** Opening EXERCISE DATA block **
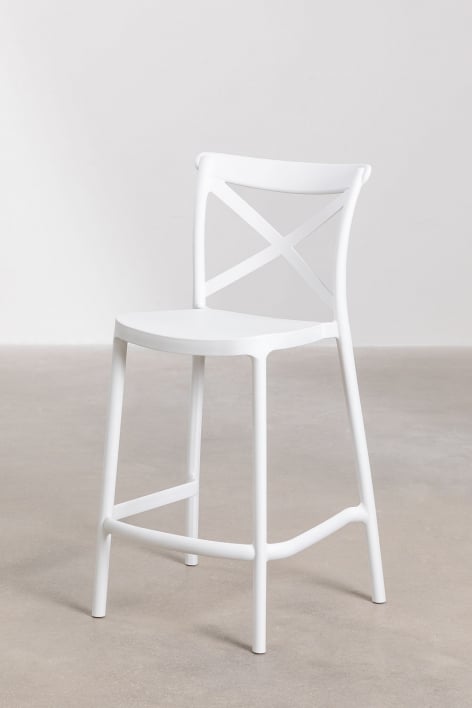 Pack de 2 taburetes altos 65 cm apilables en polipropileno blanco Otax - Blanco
** Closing EXERCISE DATA block **
** Opening EXERCISE DATA block **
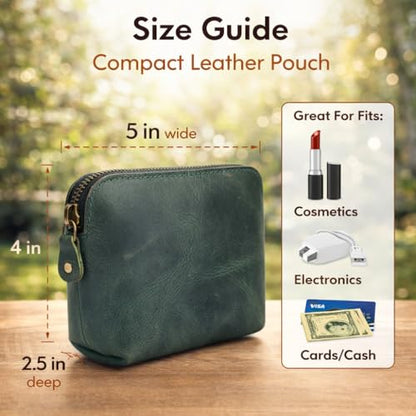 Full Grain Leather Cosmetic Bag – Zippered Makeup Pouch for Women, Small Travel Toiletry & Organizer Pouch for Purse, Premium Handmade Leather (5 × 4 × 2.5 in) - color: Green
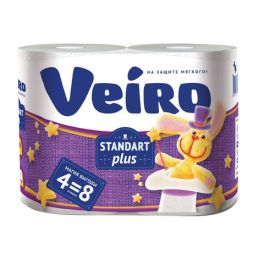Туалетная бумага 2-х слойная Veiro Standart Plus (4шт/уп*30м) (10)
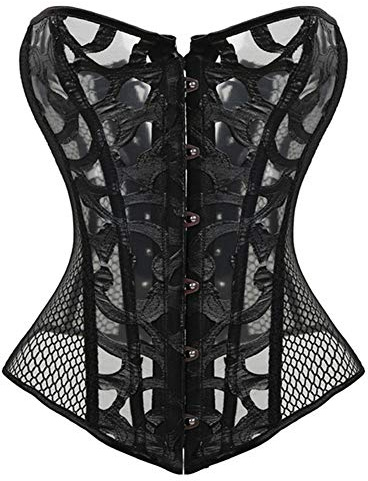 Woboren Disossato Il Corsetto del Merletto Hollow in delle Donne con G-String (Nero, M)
** Closing EXERCISE DATA block **
TRY IT —
The copy should hold only the lines from the one with "Full Grain Leather" through the one with "Woboren Disossato Il", exactly as they stand above. Leave out the pictures.

COMPLETED TASK —
 Full Grain Leather Cosmetic Bag – Zippered Makeup Pouch for Women, Small Travel Toiletry & Organizer Pouch for Purse, Premium Handmade Leather (5 × 4 × 2.5 in) - color: Green
Туалетная бумага 2-х слойная Veiro Standart Plus (4шт/уп*30м) (10)
 Woboren Disossato Il Corsetto del Merletto Hollow in delle Donne con G-String (Nero, M)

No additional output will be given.